**Task brief:**
Go through the data below and return each line where the string "Terrain" occurs.

**Information given:**
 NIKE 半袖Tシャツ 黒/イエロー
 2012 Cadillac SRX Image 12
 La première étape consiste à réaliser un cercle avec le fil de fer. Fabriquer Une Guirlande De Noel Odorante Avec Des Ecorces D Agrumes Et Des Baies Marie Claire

...

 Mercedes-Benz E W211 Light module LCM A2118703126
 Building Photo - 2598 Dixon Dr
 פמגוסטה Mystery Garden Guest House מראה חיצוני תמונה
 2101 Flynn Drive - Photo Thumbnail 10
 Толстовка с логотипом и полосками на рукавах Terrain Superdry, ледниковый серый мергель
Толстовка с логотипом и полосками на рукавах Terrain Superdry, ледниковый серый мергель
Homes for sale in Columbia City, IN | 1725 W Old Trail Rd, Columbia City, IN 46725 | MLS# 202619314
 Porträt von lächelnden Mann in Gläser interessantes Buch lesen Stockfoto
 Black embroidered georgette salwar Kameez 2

**Written solution:**
 Толстовка с логотипом и полосками на рукавах Terrain Superdry, ледниковый серый мергель
Толстовка с логотипом и полосками на рукавах Terrain Superdry, ледниковый серый мергель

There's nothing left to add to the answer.